Miner Dilemma (puzzle)

math

The Problem

A miner finds himself trapped deep underground - but not without options. Three escape doors stand before him. One leads to freedom in just 3 hours.
The other two? One sends him in a loop costing 5 hours, the other a detour of 7 hours, both dropping him right back where he started.

The miner picks doors at random.

Question: How long, on average, will it take him to finally stumble into freedom?

The Math Bit

Let’s denote the expected escape time as E(T).

E(T) = E(T | safe) * P(safe)  
       + E(T | first-trap) * P(first-trap) 
       + E(T | second-trap) * P(second-trap) 

Since each door is equally likely to be chosen:

E(T) = 1/3 * ( E(T | safe) + E(T | first-trap) + E(T | second-trap) )

What happened if he opens a trap door? He would end up back at square one - wasted a few additional hours.

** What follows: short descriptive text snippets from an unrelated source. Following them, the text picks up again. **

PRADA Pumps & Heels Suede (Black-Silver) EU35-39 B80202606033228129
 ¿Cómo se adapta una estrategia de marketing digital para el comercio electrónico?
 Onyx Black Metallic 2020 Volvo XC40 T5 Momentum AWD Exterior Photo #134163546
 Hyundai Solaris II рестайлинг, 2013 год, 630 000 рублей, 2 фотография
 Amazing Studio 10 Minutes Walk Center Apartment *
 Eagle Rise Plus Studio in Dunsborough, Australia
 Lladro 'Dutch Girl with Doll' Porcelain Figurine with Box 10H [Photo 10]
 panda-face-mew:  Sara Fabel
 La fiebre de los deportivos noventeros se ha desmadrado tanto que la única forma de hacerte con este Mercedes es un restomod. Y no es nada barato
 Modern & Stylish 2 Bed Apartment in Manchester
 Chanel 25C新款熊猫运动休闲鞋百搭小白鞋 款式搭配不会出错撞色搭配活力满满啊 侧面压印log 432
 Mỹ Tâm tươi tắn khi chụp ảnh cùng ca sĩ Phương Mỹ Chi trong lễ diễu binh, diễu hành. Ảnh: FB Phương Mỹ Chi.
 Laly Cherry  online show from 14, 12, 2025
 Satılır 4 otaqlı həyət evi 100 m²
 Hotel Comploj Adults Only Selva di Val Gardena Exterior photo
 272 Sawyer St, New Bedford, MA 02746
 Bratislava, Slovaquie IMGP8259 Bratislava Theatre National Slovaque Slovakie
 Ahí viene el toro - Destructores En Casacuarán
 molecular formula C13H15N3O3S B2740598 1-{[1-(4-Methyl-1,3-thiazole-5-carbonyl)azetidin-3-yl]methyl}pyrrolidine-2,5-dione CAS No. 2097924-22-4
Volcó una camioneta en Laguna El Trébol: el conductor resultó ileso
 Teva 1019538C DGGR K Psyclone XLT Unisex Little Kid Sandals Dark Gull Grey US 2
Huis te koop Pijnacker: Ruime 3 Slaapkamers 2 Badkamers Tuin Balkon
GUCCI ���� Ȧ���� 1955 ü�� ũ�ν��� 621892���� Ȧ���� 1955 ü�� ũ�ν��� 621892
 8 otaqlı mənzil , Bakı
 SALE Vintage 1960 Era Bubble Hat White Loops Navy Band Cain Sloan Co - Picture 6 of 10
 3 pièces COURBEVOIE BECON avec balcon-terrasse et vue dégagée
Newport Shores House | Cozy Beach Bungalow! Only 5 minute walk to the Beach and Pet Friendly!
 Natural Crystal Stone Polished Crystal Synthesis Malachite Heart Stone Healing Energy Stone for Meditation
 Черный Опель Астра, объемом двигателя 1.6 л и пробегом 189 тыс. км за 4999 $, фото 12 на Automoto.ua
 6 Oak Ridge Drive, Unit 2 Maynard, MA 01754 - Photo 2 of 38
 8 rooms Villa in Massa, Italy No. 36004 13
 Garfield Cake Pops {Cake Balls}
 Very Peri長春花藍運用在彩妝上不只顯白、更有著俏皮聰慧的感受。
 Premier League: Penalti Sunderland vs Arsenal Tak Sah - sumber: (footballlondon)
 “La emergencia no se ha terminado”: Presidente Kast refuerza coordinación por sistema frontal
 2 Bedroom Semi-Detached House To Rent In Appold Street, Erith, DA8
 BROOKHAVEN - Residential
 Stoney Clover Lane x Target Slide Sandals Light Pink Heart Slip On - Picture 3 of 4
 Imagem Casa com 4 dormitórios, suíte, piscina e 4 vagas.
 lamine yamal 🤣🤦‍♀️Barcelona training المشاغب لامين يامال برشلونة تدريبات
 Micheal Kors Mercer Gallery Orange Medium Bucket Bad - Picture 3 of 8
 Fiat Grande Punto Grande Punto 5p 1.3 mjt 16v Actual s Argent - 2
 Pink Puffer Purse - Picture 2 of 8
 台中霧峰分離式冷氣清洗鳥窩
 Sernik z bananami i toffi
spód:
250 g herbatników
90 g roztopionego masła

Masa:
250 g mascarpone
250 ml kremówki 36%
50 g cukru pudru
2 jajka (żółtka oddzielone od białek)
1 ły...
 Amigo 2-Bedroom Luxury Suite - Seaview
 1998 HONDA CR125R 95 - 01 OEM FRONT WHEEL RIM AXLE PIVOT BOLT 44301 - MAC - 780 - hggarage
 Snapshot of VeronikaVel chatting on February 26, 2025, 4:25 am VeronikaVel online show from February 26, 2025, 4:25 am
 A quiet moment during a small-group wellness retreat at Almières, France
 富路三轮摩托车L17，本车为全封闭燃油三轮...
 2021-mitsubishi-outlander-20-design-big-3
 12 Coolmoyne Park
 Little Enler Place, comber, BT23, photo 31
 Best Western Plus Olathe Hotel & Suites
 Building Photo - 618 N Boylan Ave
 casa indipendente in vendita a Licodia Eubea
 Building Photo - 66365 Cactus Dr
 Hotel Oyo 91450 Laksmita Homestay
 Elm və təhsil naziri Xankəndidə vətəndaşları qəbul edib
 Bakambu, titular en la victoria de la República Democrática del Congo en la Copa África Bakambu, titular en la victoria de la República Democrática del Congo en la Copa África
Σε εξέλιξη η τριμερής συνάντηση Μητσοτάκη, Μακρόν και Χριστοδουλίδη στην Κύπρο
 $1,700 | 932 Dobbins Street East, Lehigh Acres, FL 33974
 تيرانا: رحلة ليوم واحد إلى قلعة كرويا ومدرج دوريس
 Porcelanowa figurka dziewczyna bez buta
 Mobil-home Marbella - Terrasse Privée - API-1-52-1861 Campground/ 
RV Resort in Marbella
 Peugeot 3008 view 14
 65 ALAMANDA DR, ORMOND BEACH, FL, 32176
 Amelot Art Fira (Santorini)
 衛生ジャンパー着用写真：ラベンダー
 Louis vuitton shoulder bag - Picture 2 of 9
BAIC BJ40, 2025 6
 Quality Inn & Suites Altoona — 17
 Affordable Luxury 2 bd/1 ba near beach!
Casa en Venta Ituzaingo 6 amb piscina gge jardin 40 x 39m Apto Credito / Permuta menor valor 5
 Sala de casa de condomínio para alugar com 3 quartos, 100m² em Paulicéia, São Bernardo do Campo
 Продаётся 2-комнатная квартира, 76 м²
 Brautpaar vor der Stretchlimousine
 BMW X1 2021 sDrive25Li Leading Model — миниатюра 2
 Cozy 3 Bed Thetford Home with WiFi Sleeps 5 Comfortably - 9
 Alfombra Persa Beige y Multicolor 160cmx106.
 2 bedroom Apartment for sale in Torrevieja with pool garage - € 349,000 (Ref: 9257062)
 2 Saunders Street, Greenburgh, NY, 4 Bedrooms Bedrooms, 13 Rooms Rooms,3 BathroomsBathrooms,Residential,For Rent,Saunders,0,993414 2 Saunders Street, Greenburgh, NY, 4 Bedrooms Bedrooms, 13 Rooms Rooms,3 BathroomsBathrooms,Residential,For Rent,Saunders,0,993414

E(T | first-trap) = E(T) + 5
E(T | second-trap) = E(T) + 7

Substitute the original expression with above:

E(T) = 1/3 * ( 3 + E(T) + 5 + E(T) + 7)
E(T) = 15

It would take the miner 15 hours on average to escape.

Simulation

import random
import statistics

k = 100_000
trials = []
doors = [
  (True, 3),
  (False, 5),
  (False, 7)
]

for _ in range(k):
  t = 0
  while True:
    is_safe, cost = random.choice(doors)
    t += cost
    if is_safe:
      break
  trials.append(t)

average = statistics.mean(trials)
print(f"Expected time on average after {k} trials: {average:.4f} hours")

Expected time on average after 100000 trials: 15.0277 hours

Twist

If the miner remembers both trap doors he has tried, and avoids choosing them again, the expected value becomes trickier to compute — because the probabilities are no longer uniform at each step.

Here’s a simulation to estimate the escape time under this new constraint:

import random
import statistics

k = 1_000_000
trials = []
doors = [
  (True, 3),
  (False, 5),
  (False, 7)
]

for _ in range(k):
  t = 0
  index_map = [0, 1, 2]
  while True:
    choice_index = random.choice(index_map)
    index_map.remove(choice_index)

    is_safe, cost = doors[choice_index]
    t += cost
    if is_safe:
      break
  trials.append(t)

average = statistics.mean(trials)
print(f"Expected time on average after {k} trials: {average:.4f} hours")

Expected time on average after 1000000 trials: 9.0063 hours

If we consider all possible door orderings (there are 3!=6 permutations), the average time E(T) turns out to be exactly 9 hours.